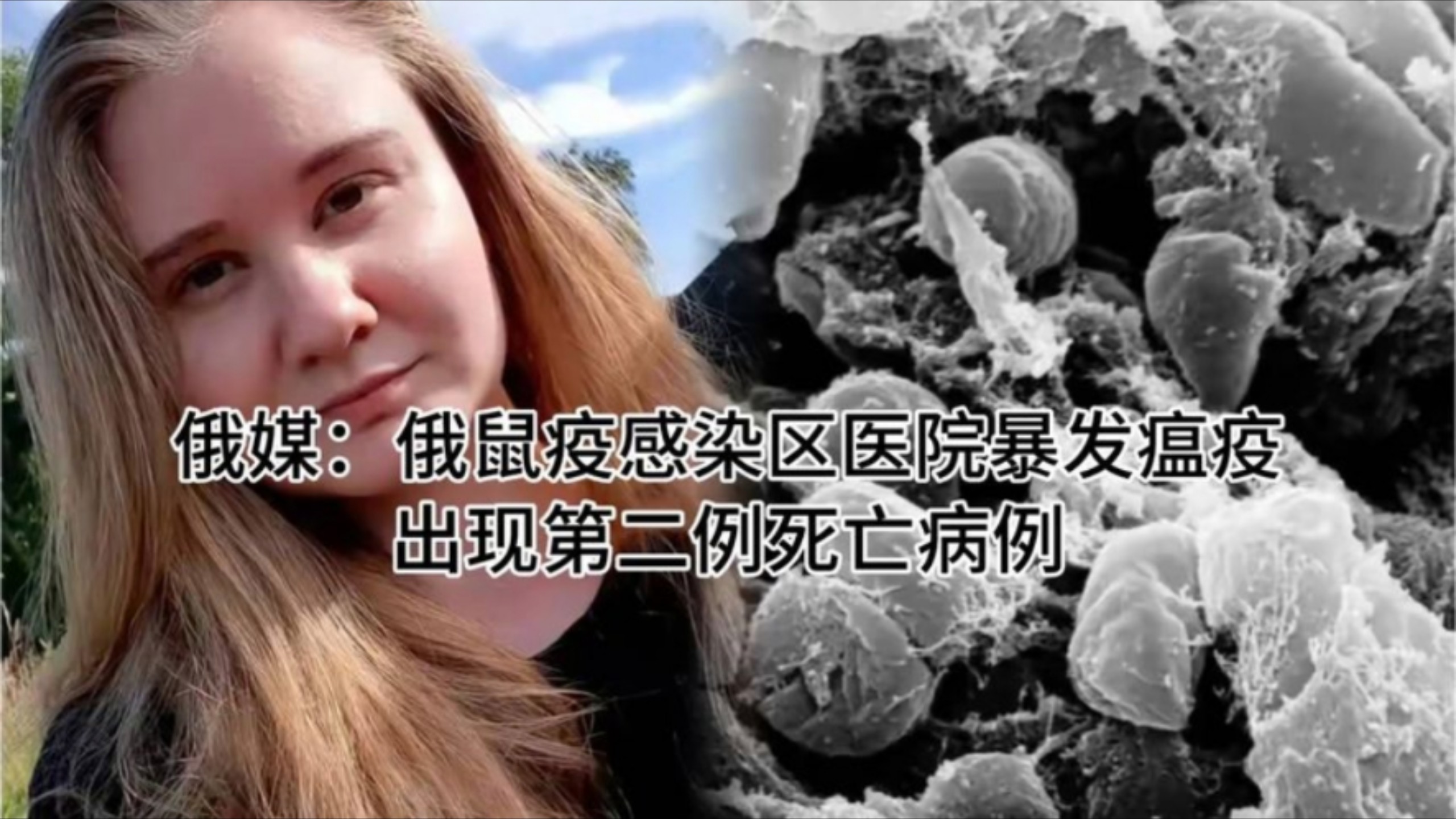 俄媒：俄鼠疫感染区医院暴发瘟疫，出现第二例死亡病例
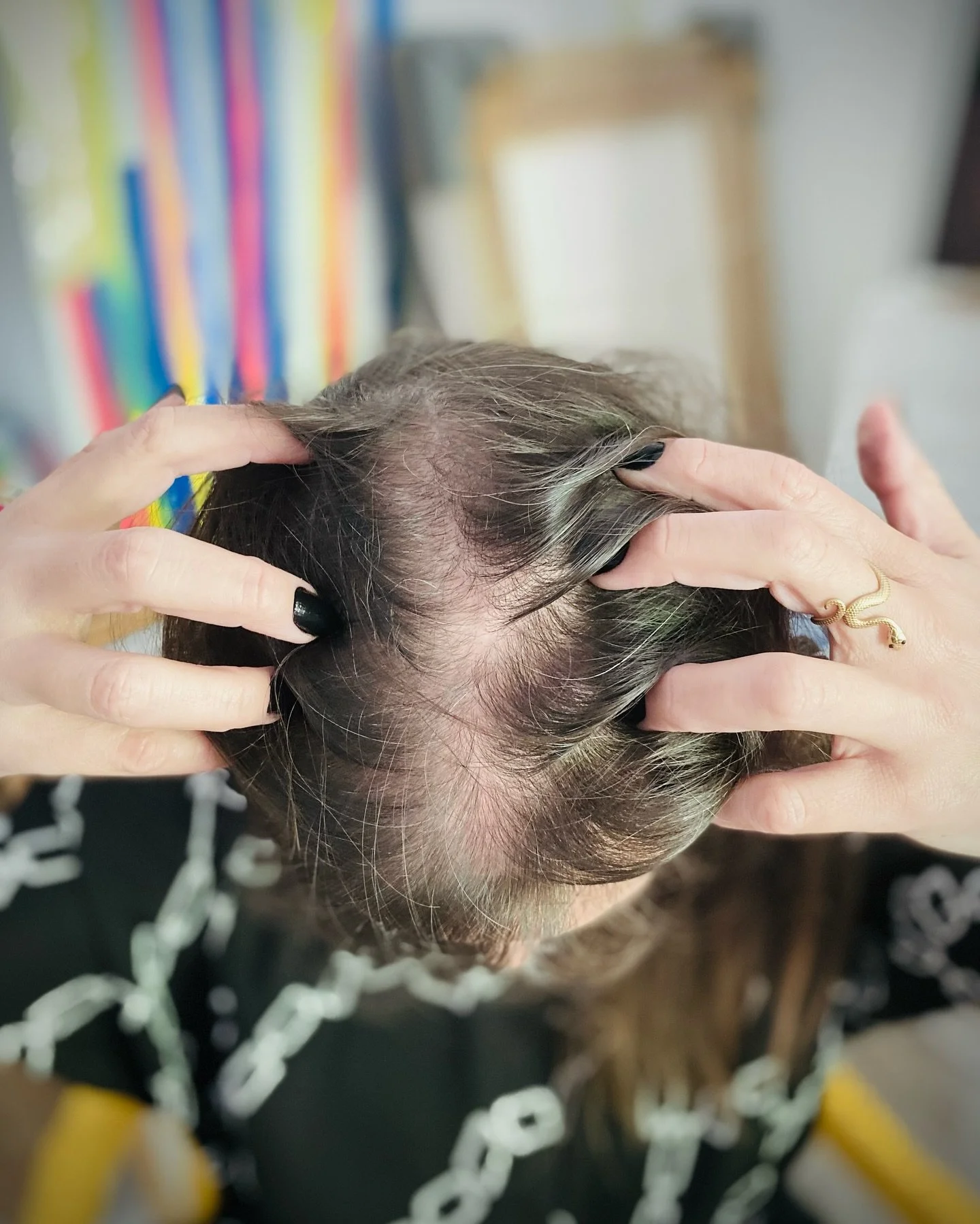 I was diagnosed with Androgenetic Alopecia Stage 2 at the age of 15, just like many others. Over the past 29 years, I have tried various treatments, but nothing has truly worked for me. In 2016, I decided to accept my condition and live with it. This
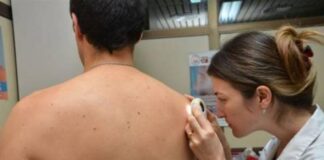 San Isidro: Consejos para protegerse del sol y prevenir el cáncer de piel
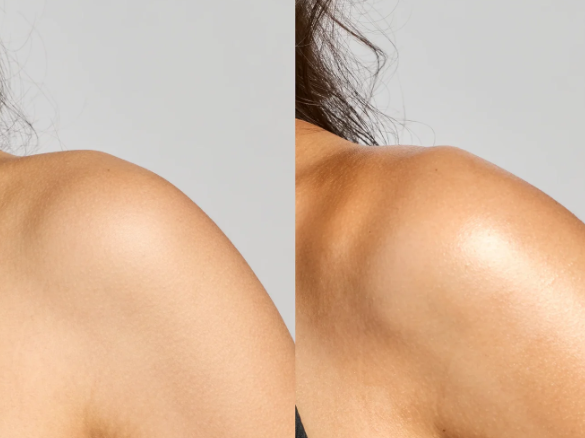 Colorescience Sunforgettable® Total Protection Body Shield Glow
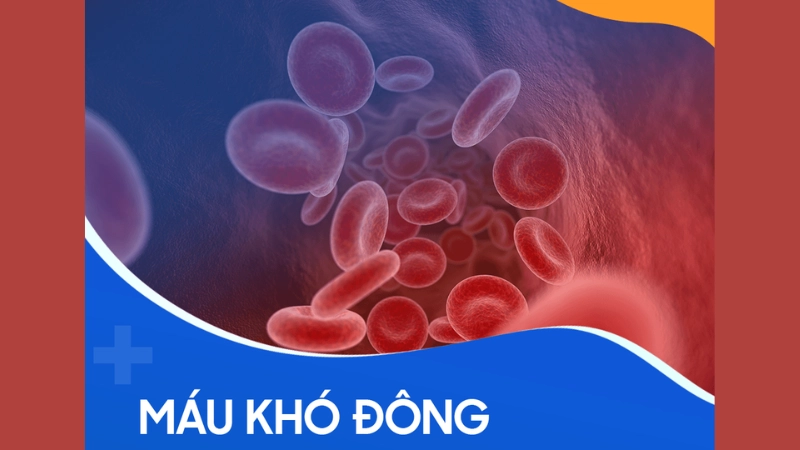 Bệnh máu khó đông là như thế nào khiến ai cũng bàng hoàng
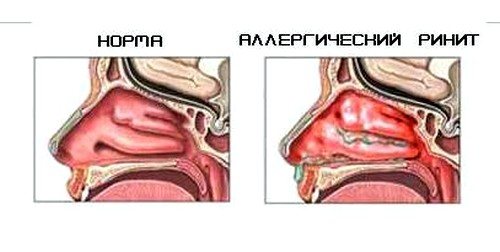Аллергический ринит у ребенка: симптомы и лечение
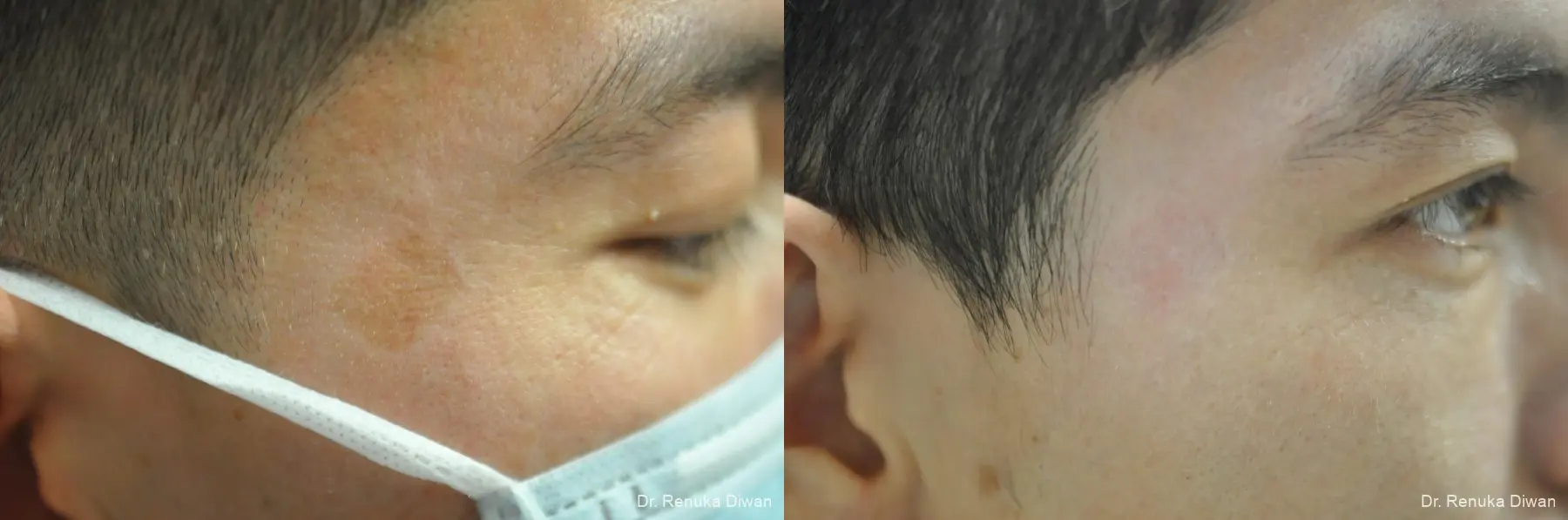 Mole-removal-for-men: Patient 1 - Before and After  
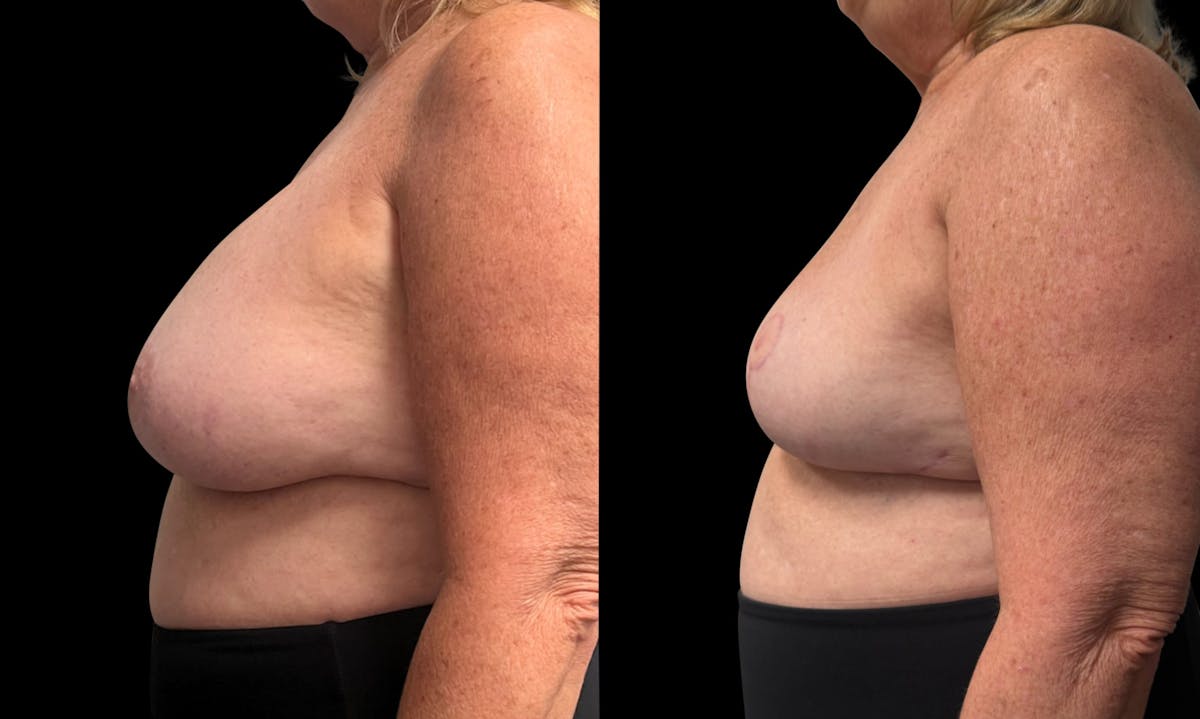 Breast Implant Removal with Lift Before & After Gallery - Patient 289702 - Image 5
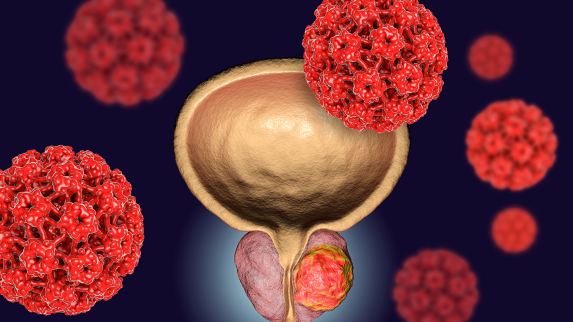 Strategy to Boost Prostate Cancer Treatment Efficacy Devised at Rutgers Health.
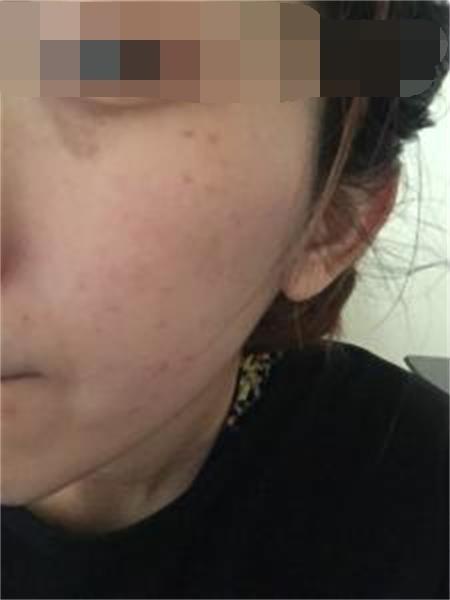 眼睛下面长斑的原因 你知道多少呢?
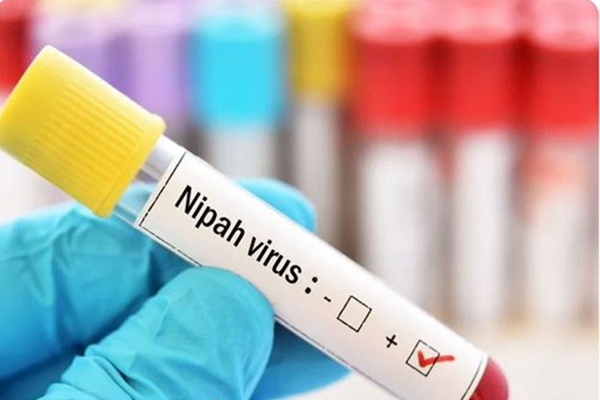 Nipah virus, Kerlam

● **Your instructions**
The answer must be the lines above from the line that contains "Colorescience Sunforgettable® Total" to the final line of the data, word for word, with no pictures.

● **Result of this exercise**
 Colorescience Sunforgettable® Total Protection Body Shield Glow
 Bệnh máu khó đông là như thế nào khiến ai cũng bàng hoàng
Аллергический ринит у ребенка: симптомы и лечение
 Mole-removal-for-men: Patient 1 - Before and After  
 Breast Implant Removal with Lift Before & After Gallery - Patient 289702 - Image 5
 Strategy to Boost Prostate Cancer Treatment Efficacy Devised at Rutgers Health.
 眼睛下面长斑的原因 你知道多少呢?
 Nipah virus, Kerlam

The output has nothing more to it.